Website Scanner can scan a website for broken links and search for specific strings and/or files with the help of multiple concurrently running web crawlers.
- GUI based.
- AutoSaves progress every 2 minutes.
- Extracts and saves domain registration information of the site.
- Left Click any URL shown in output to open it and Right Click to copy it.
- Activity Logging
- Automatically download searched file.
- Downloading can be resumed if supported by the site.
- Multiple instances support.
- Shows warning when an instance tries to start a project which is already run by another instance.
- Shows Current Session and All Sessions statistics.
- Four output panes in can be resized by user.
- Waits for all crawlers to stop before exit.
- Python 3 - External libraries required:
- Requests - Requests allows you to send HTTP/1.1 requests.
- bs4 - Beautiful Soup sits atop an HTML or XML parser, providing Pythonic idioms for iterating, searching, and modifying the parse tree.
- validators - Python Data Validation for Humans™.
- robotexclusionrulesparser - A robots.txt parser for python.
- tld - Extract the top level domain (TLD) from the URL given.
- python-whois - Whois querying and parsing of domain registration information.

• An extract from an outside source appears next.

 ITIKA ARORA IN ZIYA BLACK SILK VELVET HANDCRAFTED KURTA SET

- Must be connected to internet.
- Must have enough space to store the data files and requested files. (Space required depends on the website which is to be scanned and options selected by user.)
# clone repo
git clone https://github.com/rishabhsingh971/Website-Scanner.git
# change directory
cd Website-Scanner
# install pipenv
pip install --user --upgrade pipenv
# install environment
pipenv install
# run shell
pipenv shell
# run program
python main.py
- Save Directory - directory in which data is saved
- Start Url - homepage of website
- User Agent - name of bot (will be used to find if sites gives access to user or not as per robots.txt)

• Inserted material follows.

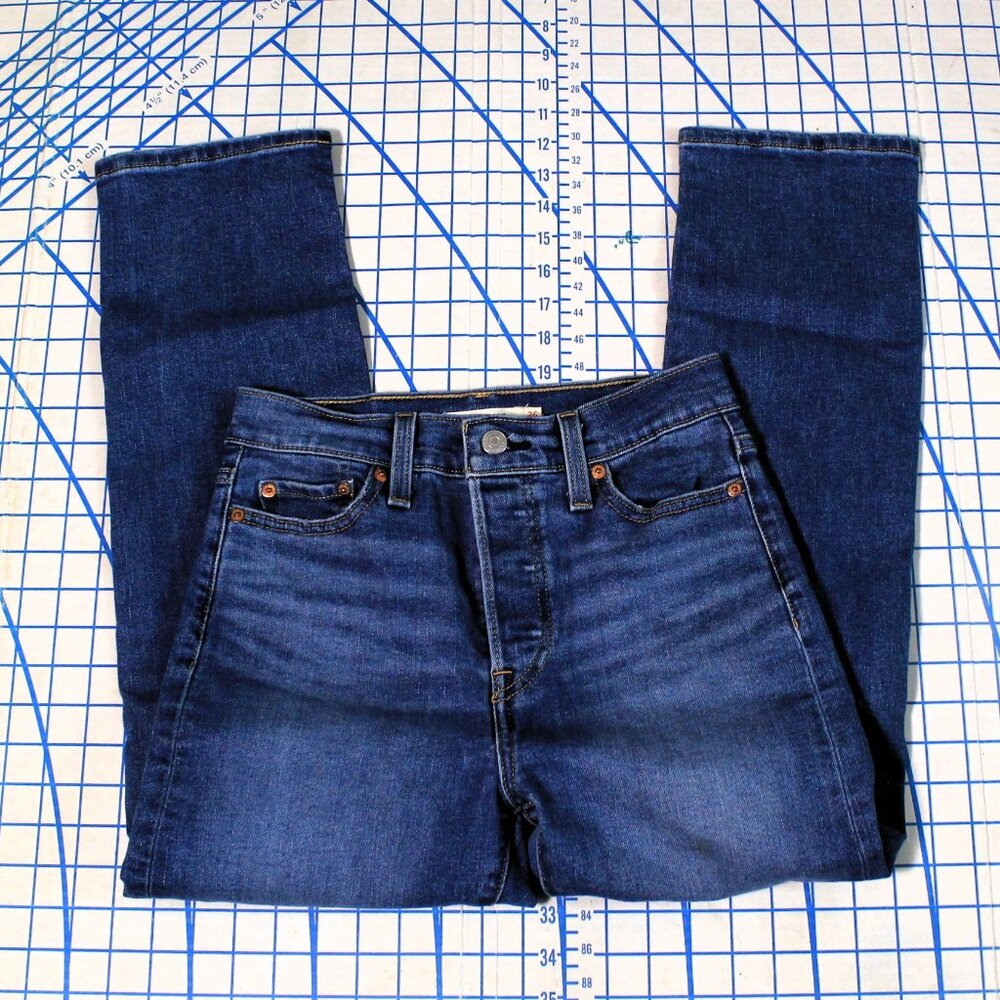 Levi's Wedgie Straight Button Fly High Rise Distressed Knee Ankle Jeans, 26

- Search String - search string in a webpage
- Search File - search in file name of files stored on website
- Chunk Size - chunk of data requested per iteration when files are downloading given that site supports resume header
- Connection Timeout - if no response is received from website within this time, timeout error will be raised
- Default Delay - if website defines no rule for crawling time delay(in robots.txt), default delay given will be used
- Number of Crawlers - number of concurrently running crawlers.

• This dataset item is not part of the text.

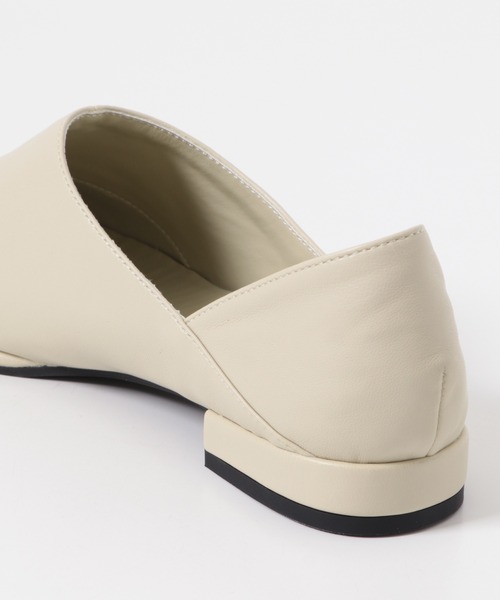 URBAN RESEARCH Sonny Label（アーバンリサーチサニーレーベル）の「スクエアフラットスリッポン（スリッポン・レディース・ブラック/アイボリー/ブラウン・SMALL/MEDIUM/LARGE）」の12枚目の写真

- Current Session Statistics: It consists of timer, number of crawled urls, number of waiting urls, number of bad/invalid urls number of files found, and number of strings found in current session only.
- All Sessions Statistics: It consists of timer, number of crawled urls, number of waiting urls, number of bad/invalid urls, number of files found, and number of strings found until that time.
- Main Window: Shows current urls crawling and other status.
- Searched String Window: Shows searched string with URL of page on which they are found.
- Invalid urls window: Shows Invalid urls found on website with error.
- Searched files window: Shows searched file with URL of page on which they are found.
Website Scanner comprises of following files:-
- main.py – contains MainMenu class that takes input from user.
- file_func.py – contains file related functions.
- crawler_files.py – contains CrawlerFiles class that has info about the data files of scanner and functions to read/write them.
- url_func.py – contains URL related functions.
- scrolled_link.py – contains ScrolledLinks class which is a scrollable text box in which links are automatically formatted.
- timer.py – contains a Timer class.
- crawler.py – contains Crawler class which crawls a website.
- website_scanner.py – contains a WebsiteScanner class which utilizes multiple crawlers to crawl website with the help of multithreading.
- Command Line Interface support.
- Help and usage file.
- Option to select type of search case sensitive or insensitive.
- Option to only store links of searched file, not download automatically.
- Option to pause/resume/stop file download.
- Option to recheck invalid urls.
- Option to restrict crawl depth.
- Option to exclude certain parts of website e.g. https://abc.com/forums/*.
- Option to set log file settings.
- Regex mode for searching and exclusion.